Electric Motors + Transformers Flashcards
What are motors used for?
Many electrical appliances that make things move.
What is there around a wire carrying electric current?
A circular magnetic field.
What is an electromagnet?
If the wire is made into a coil, the magnetic field pattern becomes similar of that of a bar magnet.
What is the motor effect?
When a current flows in a wire that is in a magnetic field, the wire experiences a force: if wire is free to move, it moves.
When is the force largest?
When the current is at right angles to the magnetic field lines: direction of force is always at right angles to both the current in the wire and the magnetic field lines.
When is no force experienced?
When the current is parallel to the magnetic field lines.

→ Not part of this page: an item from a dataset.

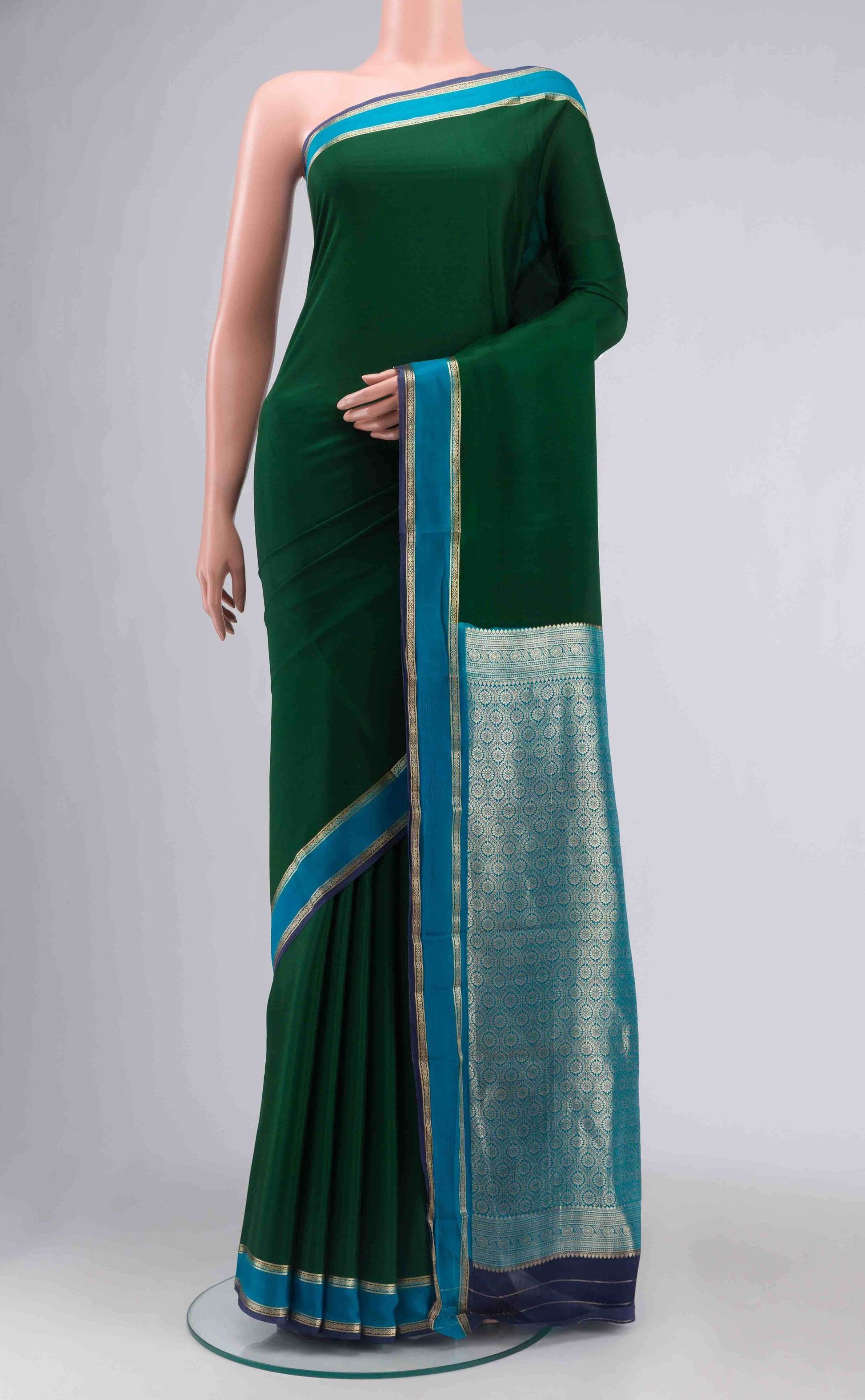 Green Mysore Crepe Saree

When is the direction of the force reversed?
If either the current or the magnetic field is reversed.
What happens when a simple motor is placed in a uniform magnetic field?
One side of the rectangular current-carrying coil is forced upwards: the other is forced downwards to produce rotation.
When will the motor turn faster?
- if current is increased
- number of turns of coil is increased
- magnetic field is stronger
- soft iron core in the coil.
Why does the motor effect work?
Because the interaction between the magnetic field around the current carrying wire and the magnetic field of the permanent magnets.
What does the commutator do?
Connects the coil of the motor to the power supply: swaps contacts with the coil every half turn to reverse the current though the coil: keeps motor turning.
What does a transformer do?
Changes the voltage of an a.c power supply.
What does a transformer consist of?
Two separate coils around an iron core.
What is fed into the primary coil?
The input voltage.
What is across the secondly coil?
The output voltage.
What does a step up transformer do?
Converts a low voltage input to a higher voltage output: primary coil has fewer turns than the secondary coil.
What does the step down transformer do?
Converts a high voltage input to a lower voltage output: primary coil has more turns than the secondary coil.
What does the alternating current in the primary coil create?
An alternating magnetic field around it: magnetic, soft iron core channels the magnetic field though the secondary coil.
When is the alternating voltage induced across the secondary coil?
When the alternating magnetic field will continuously cut through the wires in the secondary coil.
What happens if the number of turns in the secondary coil is doubled?
The output voltage will be doubled to.
The turns ratio is equal to the voltage ratio: word equation:
Voltage across primary coil/voltage across secondary coil = number of turns in primary coil/number of turns in secondary coil.